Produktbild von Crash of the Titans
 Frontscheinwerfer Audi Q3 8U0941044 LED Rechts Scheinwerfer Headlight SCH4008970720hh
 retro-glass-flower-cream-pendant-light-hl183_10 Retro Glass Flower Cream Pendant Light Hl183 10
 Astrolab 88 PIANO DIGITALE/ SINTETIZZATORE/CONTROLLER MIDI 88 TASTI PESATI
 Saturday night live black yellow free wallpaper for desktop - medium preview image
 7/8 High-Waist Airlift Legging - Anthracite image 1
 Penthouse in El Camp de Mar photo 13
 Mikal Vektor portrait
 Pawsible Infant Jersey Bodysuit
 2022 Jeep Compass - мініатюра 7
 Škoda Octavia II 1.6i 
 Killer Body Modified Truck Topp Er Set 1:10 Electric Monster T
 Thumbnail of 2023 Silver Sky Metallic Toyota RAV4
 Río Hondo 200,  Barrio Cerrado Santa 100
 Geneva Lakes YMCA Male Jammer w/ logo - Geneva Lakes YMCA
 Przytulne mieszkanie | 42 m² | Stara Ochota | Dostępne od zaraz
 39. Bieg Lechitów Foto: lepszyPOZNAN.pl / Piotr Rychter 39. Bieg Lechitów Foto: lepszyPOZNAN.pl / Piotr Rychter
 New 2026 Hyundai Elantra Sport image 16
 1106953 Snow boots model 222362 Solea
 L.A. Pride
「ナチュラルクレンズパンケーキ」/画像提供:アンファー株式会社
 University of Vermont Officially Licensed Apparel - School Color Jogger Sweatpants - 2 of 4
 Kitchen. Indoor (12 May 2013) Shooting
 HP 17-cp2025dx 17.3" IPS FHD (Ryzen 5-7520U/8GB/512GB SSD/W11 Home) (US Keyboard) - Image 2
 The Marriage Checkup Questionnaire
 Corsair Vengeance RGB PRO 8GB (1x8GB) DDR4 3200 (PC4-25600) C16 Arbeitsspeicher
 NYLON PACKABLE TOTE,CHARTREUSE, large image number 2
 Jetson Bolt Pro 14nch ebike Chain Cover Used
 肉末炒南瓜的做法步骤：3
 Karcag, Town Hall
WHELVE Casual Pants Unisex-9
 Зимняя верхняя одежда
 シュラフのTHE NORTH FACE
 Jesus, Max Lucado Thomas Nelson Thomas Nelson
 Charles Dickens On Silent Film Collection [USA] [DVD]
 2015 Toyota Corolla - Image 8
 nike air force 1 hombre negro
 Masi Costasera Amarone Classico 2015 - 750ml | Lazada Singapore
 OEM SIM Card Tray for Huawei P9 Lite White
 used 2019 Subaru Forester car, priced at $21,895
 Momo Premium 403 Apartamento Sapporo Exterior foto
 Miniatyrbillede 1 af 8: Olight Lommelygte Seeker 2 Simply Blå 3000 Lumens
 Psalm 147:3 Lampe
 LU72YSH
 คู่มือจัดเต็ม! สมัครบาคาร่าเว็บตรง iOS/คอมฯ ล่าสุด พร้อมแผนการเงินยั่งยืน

WHAT YOU NEED TO DO:
For the material above, reproduce exactly the lines from the line with "Penthouse in El Camp de Mar photo 13" to the line with "Przytulne mieszkanie |", inclusive, and exclude all others.

THE ANSWER:
 Penthouse in El Camp de Mar photo 13
 Mikal Vektor portrait
 Pawsible Infant Jersey Bodysuit
 2022 Jeep Compass - мініатюра 7
 Škoda Octavia II 1.6i 
 Killer Body Modified Truck Topp Er Set 1:10 Electric Monster T
 Thumbnail of 2023 Silver Sky Metallic Toyota RAV4
 Río Hondo 200,  Barrio Cerrado Santa 100
 Geneva Lakes YMCA Male Jammer w/ logo - Geneva Lakes YMCA
 Przytulne mieszkanie | 42 m² | Stara Ochota | Dostępne od zaraz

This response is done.